MacMillan String Quartets original

The Strad Issue: September 2018  
Description: Pristine performances of quartets by a great living composer 
Musicians: Royal Quartet  
Works: MACMILLAN Visions of a November Spring; Why Is This Night Different?; String Quartet No.3
Catalogue Number: HYPERION CDA68196

Seldom can a string quartet have sounded so effortlessly immaculate. There’s an astonishingly pristine quality to these assured accounts of James MacMillan’s three numbered string quartets from young Polish foursome the Royal Quartet.

The Royal players bring sharp definition – and, it has to be said, quite a hard edge – to even the densest, thickest textures of the Third Quartet, teasing apart MacMillan’s rich heterophony to marvellously vivid effect. There’s a brutal precision to their frenzied dance that closes the first quartet, Visions of a November Spring. Their ensemble is uncannily precise – bringing an almost electronic quality to the explosive chords with which MacMillan often interrupts his keening, folk-inspired melodies – and their chameleon-like ability to vary their ensemble sound is put to compelling effect in his often startlingly abrupt changes of mood.

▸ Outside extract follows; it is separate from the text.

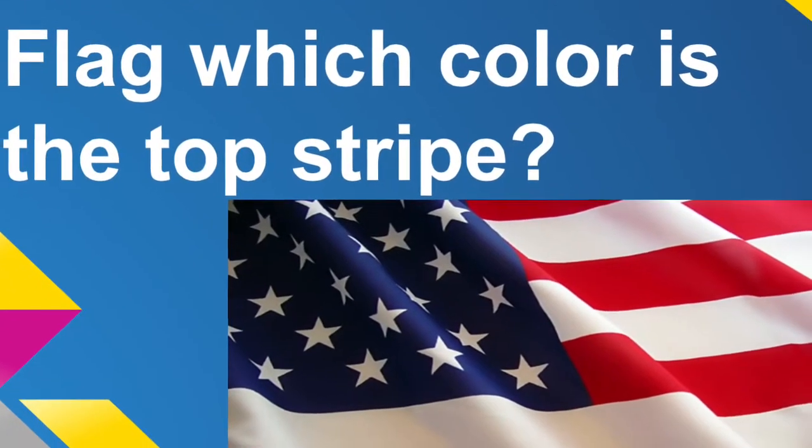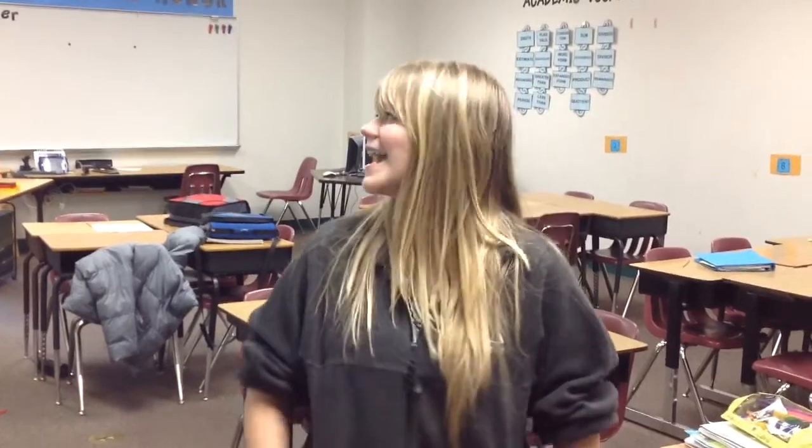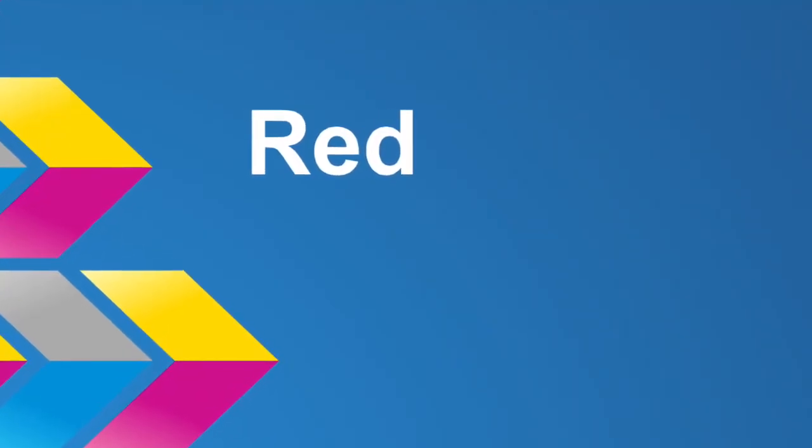Final question: on the American flag, which color is the top stripe? Most answered red — one person asked 'Can I look?' and guessed white, but red is the correct answer. Multiple respondents confirmed: red. Red is the correct color.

The nagging doubt, however, is that despite the surface precision, the Royal players tend to shy away from grappling fully with MacMillan’s drama – of the ‘sheer frenzy, craziness’ of his own creative surge in Visions of a November Spring, for instance, or a child’s view on spiritual renewal in the second quartet, Why Is This Night Different? These are works with drama embedded deep within them, and despite their immaculate, exquisitely rendered accounts, that’s something that the Royal players sometimes struggle to convey.